Data for this exercise:
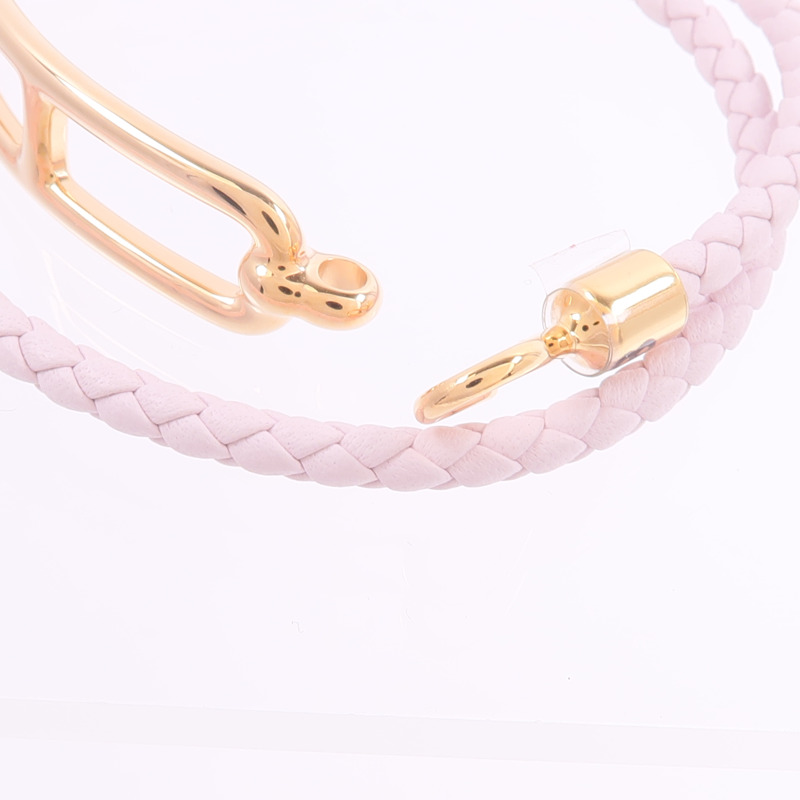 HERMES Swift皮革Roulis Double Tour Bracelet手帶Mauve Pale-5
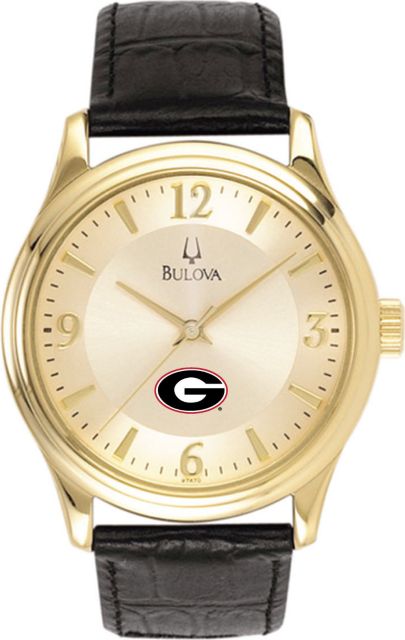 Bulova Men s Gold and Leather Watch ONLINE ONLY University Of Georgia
---
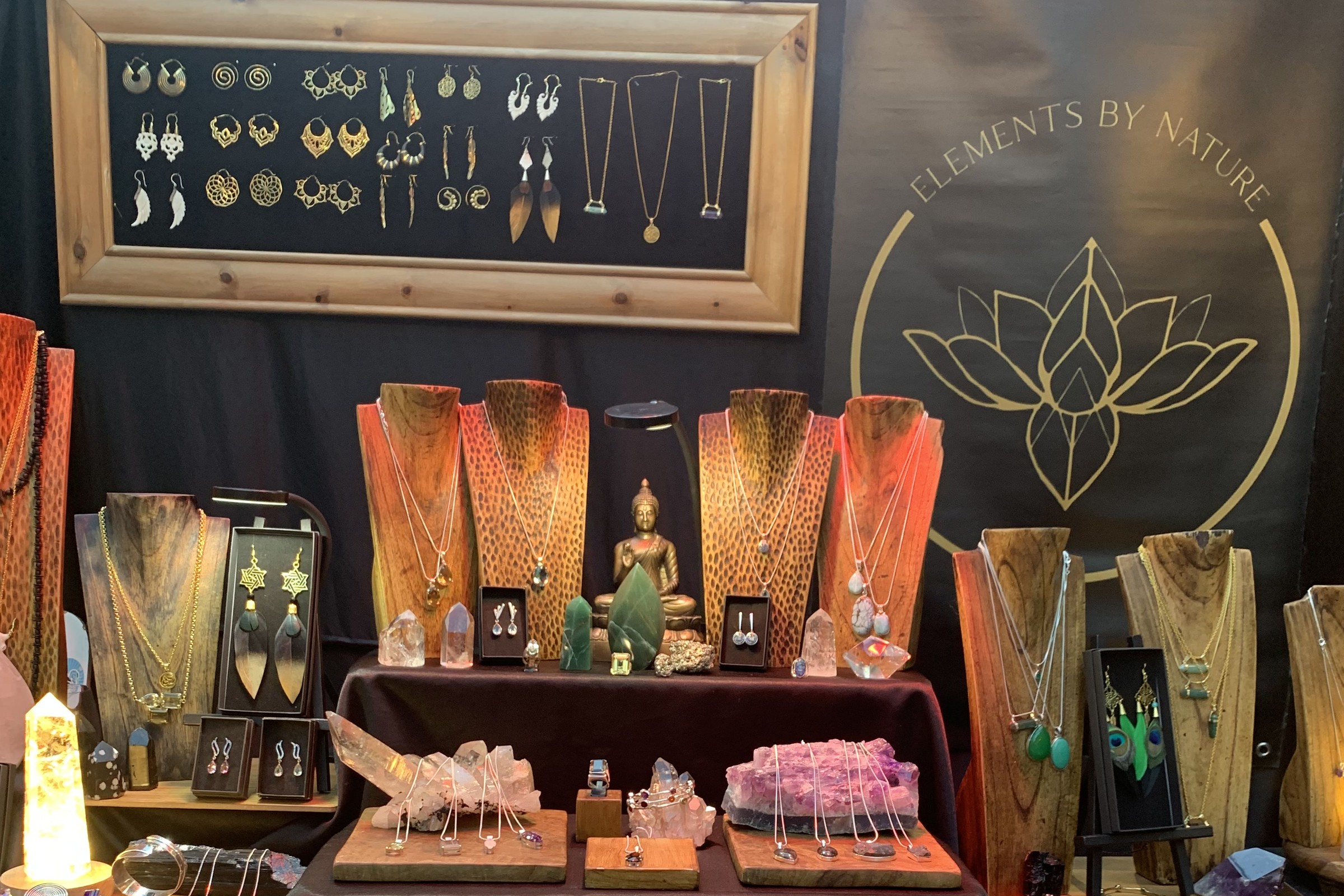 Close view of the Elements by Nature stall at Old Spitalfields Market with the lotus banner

What you are asked to do:
Using the data above, return the lines from the one holding "HERMES Swift皮革Roulis Double" through the one holding "Bulova Men s" exactly, but not the pictures.

Reply to the exercise:
 HERMES Swift皮革Roulis Double Tour Bracelet手帶Mauve Pale-5
 Bulova Men s Gold and Leather Watch ONLINE ONLY University Of Georgia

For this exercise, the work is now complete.